=== Begin Enclosure ===

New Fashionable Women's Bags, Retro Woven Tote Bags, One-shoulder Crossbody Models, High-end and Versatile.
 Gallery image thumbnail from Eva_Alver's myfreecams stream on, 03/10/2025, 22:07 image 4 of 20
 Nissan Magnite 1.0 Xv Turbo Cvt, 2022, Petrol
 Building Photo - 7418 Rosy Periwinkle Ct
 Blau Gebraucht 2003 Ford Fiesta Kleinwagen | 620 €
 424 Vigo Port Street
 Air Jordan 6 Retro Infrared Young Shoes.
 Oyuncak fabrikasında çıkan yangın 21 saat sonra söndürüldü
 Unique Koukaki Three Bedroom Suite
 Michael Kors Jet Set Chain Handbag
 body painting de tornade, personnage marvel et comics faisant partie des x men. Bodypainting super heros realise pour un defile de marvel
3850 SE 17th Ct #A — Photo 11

=== End Enclosure ===

What this task involves >> Lines with the word "Photo" in them: report all of these from the listing above.

Solution for this task >>
 Building Photo - 7418 Rosy Periwinkle Ct
3850 SE 17th Ct #A — Photo 11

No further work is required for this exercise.